Beginning at the line that contains "Multiple Drugs Flagged", reproduce every line to the end of the material without changing any of them.

Start of Data listing

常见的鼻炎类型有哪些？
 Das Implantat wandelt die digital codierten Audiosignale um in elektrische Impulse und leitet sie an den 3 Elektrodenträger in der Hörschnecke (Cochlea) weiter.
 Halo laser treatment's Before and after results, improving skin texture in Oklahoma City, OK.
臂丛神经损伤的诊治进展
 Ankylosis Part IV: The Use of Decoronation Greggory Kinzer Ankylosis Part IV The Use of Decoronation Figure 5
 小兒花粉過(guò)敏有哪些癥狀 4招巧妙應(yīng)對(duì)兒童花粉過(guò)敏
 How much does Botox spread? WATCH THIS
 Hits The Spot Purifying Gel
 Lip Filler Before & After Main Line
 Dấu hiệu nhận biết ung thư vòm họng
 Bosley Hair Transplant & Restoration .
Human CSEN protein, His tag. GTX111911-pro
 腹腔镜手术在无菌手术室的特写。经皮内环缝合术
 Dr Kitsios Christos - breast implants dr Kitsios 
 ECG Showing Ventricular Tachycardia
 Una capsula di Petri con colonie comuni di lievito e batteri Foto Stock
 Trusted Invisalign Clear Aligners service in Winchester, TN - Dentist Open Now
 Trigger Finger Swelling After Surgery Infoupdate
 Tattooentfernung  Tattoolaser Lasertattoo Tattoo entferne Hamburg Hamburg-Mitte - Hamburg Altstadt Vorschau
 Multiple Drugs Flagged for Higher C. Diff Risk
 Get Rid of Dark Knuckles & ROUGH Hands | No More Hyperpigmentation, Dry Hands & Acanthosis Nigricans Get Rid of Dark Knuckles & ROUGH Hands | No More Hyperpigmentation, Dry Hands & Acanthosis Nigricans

End of Data listing

## Solution to the exercise
 Multiple Drugs Flagged for Higher C. Diff Risk
 Get Rid of Dark Knuckles & ROUGH Hands | No More Hyperpigmentation, Dry Hands & Acanthosis Nigricans Get Rid of Dark Knuckles & ROUGH Hands | No More Hyperpigmentation, Dry Hands & Acanthosis Nigricans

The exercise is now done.